Сначала мне было очень сложно просыпаться рано, но сейчас я уже привыкла. В этом даже есть что-то приятное! Самое сложное — это жить без чувства безопасности. Мне хочется иметь какое-то место, которое я могла бы назвать своей крепостью, знать, что туда точно не придут. Но в России такого места нет, прийти могут куда угодно и за кем угодно. Это неприятно: есть ощущение, что у тебя нет личных вещей, личных записей. Что внезапный звонок в дверь — это люди в балаклавах, хотя обычно это курьер принёс пиццу. Ещё я очень скучаю по прогулкам, свободным перемещениям. Я, как и любая другая студентка факультета гуманитарных наук Вышки, очень люблю Басманный район, Покровку. Сейчас я просто физически не успею туда добраться.

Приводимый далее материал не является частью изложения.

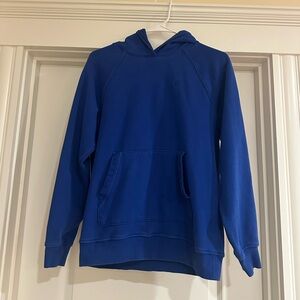 Discount Fabletics Blue Hoodie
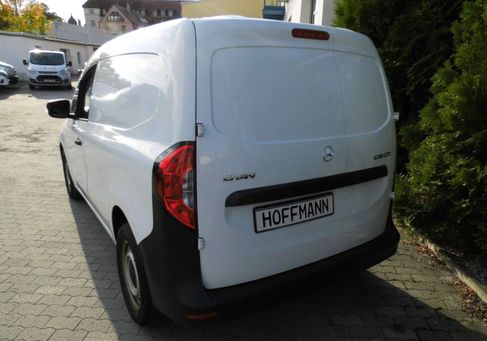 Mercedes-Benz Citan, 2022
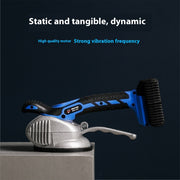 Tile Sticker Brick Machine High Power Vibrators Knit Bricks Together Tools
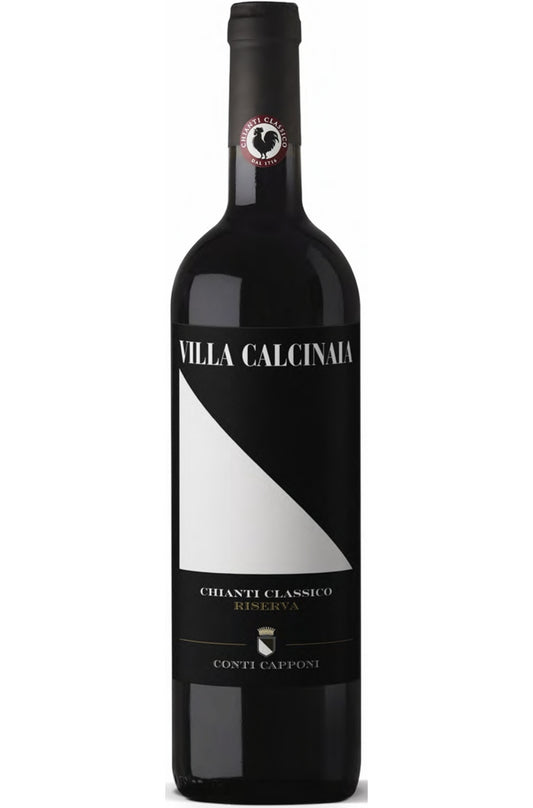 Villa Calcinaia (BIO) DOCg chianti classico riserva
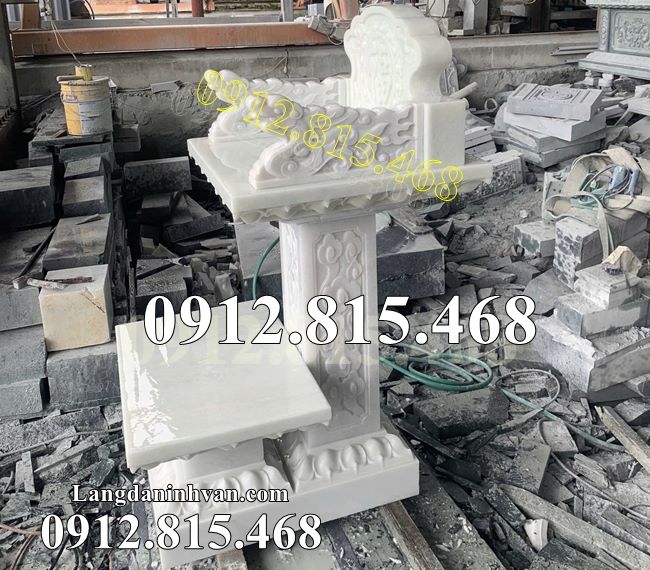 Mẫu bàn thờ thờ bán thiên đẹp tại Cần Thơ, Hậu Giang, Sóc Trăng - Bàn thiên đẹp tại Cần Thơ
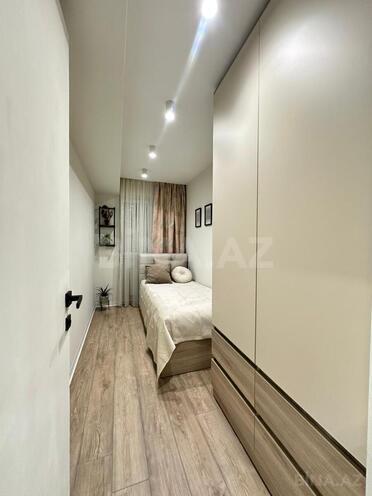 İcarəyə verilir 3 otaqlı yeni tikili 100 m², Elmlər Akademiyası m., photo 13 from 20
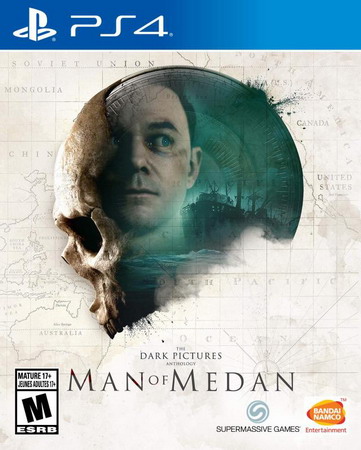 黑相集：棉兰号.The Dark Pictures Anthology:Man of Medan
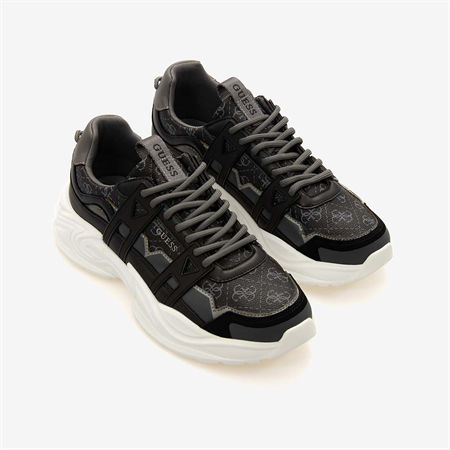 Guess Erkek Spor & Sneaker Ayakkabı FMPBEUFAL12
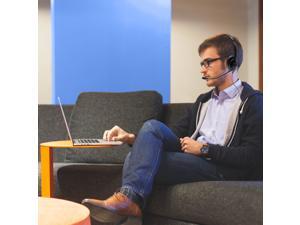SPRACHT ZuM UC LYNC compliant USB Headset - Single Ear (Monaural) SPRACHT ZuM UC LYNC compliant USB Headset - Single Ear (Monaural)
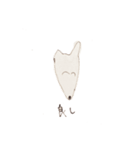 girlanddog（個別スタンプ：21）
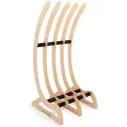 Support pour planche de surf Ocean & Earth Timber Free standing rax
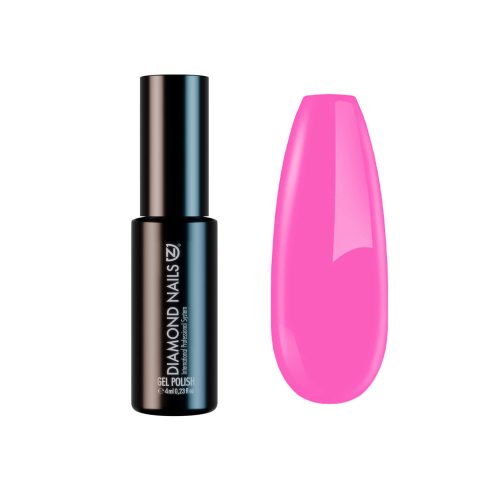 Gel Nail Polish 4ml - DN090 - Pink Vibe - Gel Polish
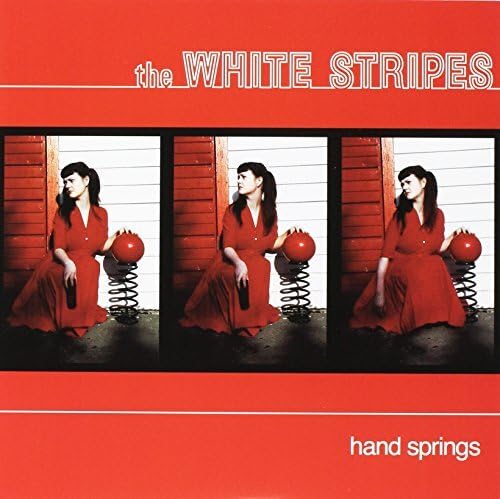 Hand Springs / Red Death At 6:14 [Vinyl LP] von THIRD MAN RECORDS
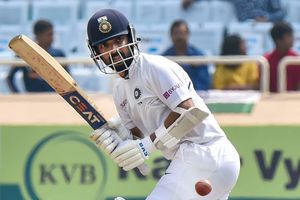 WTC Final: The more you play straight and close better it is for you: Rahane on playing in English conditions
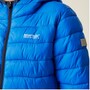 Regatta Marizion Baffle-Jacke mit Kapuze f�r Kinder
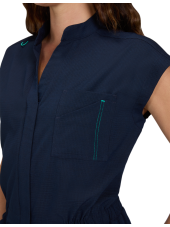 Combinaison médicale "Anja" - Koi Solis (907)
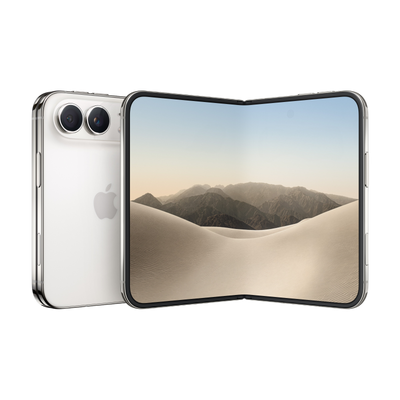 Apple iPhone Duo - Star White 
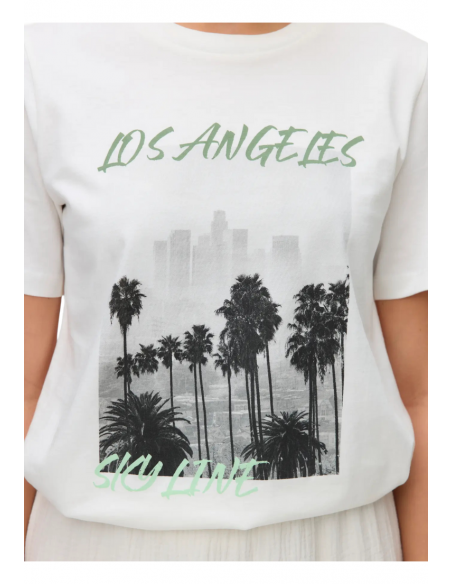 CAMISETA PAULINA | VERO MODA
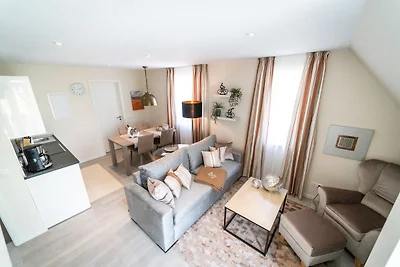 Appartamento Vacanza con famiglia Ahrenshoop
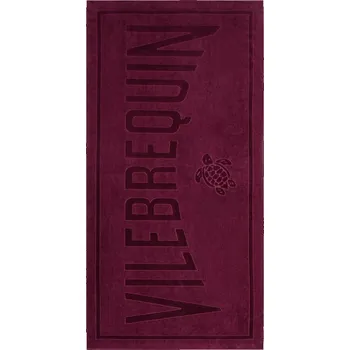 Ručník Bavlněný ručník Vilebrequin SAND 90 x 180 cm zelená barva, SANC1200 93X, vel. ONE SIZE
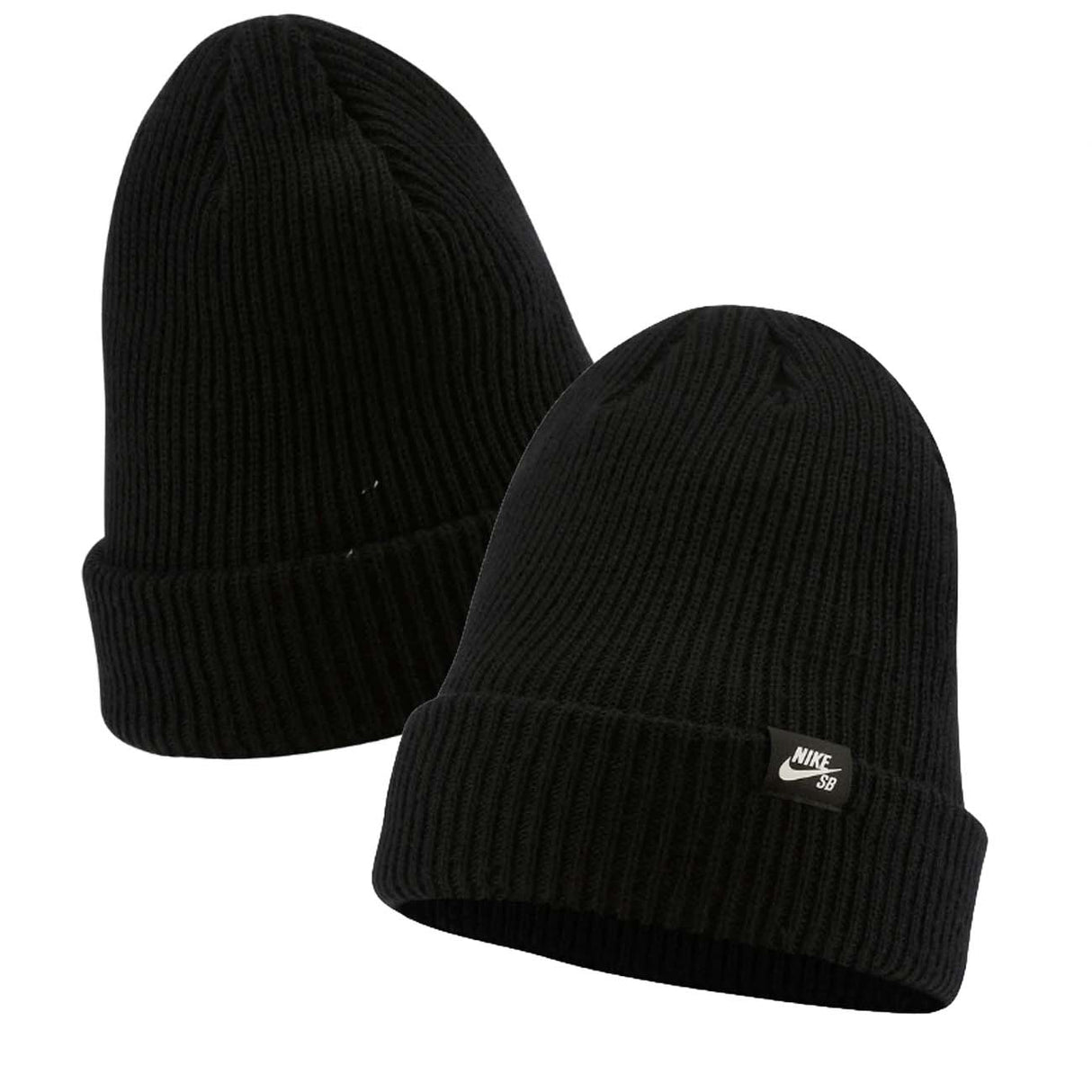 BERRETTO NIKE DJ6223 010 BEANIE SPORTWEAR NERO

Мы как будто прояснили с адвокатами, что нас практически не могут посадить, если только они не придумают что-то специальное. Наше преступление небольшой тяжести, мы не привлекались, поэтому реальный срок нам дать, скорее всего, не смогут. Но раньше в какой-нибудь плохой день меня накрывало, и я думала про СИЗО. Я не задумывалась о таких юридических составляющих процесса всерьёз. Из-за ненавистного юрфака МГИМО у меня отторжение к праву.
Но мне всё равно страшно — хотя бы потому, что я не понимаю, что происходит с моим телом. У меня появляется седина, иногда после мытья в руках остаются клочки волос. Вред физическому здоровью никак не возмещается, ты просто потом живёшь с ним и всё. А вот предсказать, как это повлияет на ментальное здоровье в долгосрочной перспективе, сложно. И я понимаю, что мы очень привилегированные с таким количеством заботы. Страшно думать о тех, у кого нет такой поддержки.